Warga Olaya Parimo Keluhkan Air Sungai Jadi Keruh

  • Whatsapp

RAPAT MEDIASI – DLH Parimo gelar rapat mediasi tindak-lanjut laporan warga terkait pencemaran air sungai diduga akibat air limbah penambangan tanpa  izin yang ada di Desa Kayuboko. Rabu, (10/7/2019). Foto : ASWADIN/PE.

PALU EKSPRES, PARIGI– Dinas Lingkungan Hidup (DLH) Kabupaten Parigi Moutong (Parimo) menggelar rapat mediasi terkait laporan masyarakat Desa Olaya Kecamatan Parigi mengenai pencemaran sungai, di aula DLH Parimo, Rabu 10 Juli 2019.

Dalam rapat mediasi tersebut, sebagai pihak pengadu Desa Olaya, dan pihak teradu Desa Kayuboko Kecamatan Parigi Barat, Kabupaten Parigi Moutong.
Desa Kayuboko sebagai pihak teradu diduga membuang limbah dari penambangan tanpa izin (Peti) ke dalam sungai sehingga menyebabkan air keruh di sepanjang aliran sungai hingga ke pantai.

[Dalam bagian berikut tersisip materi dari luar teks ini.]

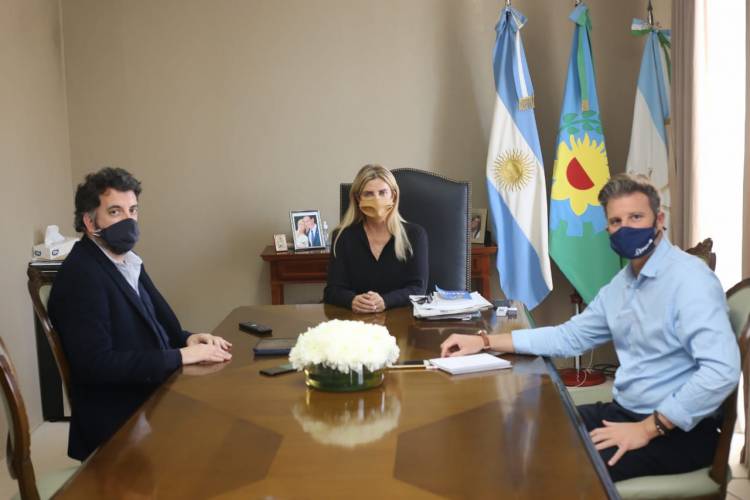  Fassi recibió a funcionarios de Nación para proyectar la implementación del Plan PROCREAR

Sekretaris Desa (Sekdes) Kayuboko, Rifandi sebagai pihak teradu di hadapan peserta rapat mengatakan, penyebab air sungai keruh karena di desanya saat bulan Juni lalu, ada pekerjaan membuka jalan desa menuju kantong produksi.

“Di Kayuboko itu ada jalan dibuka menuju kantong produksi, kebetulan jalan yang dibuka itu berdekatan dengan sungai dan di lokasi itu ada gunung yang dikeruk oleh alat berat, sehingga menyebabkan air keruh. Dan, itu saya pastikan bukan air limbah dari tambang,” ujarnya.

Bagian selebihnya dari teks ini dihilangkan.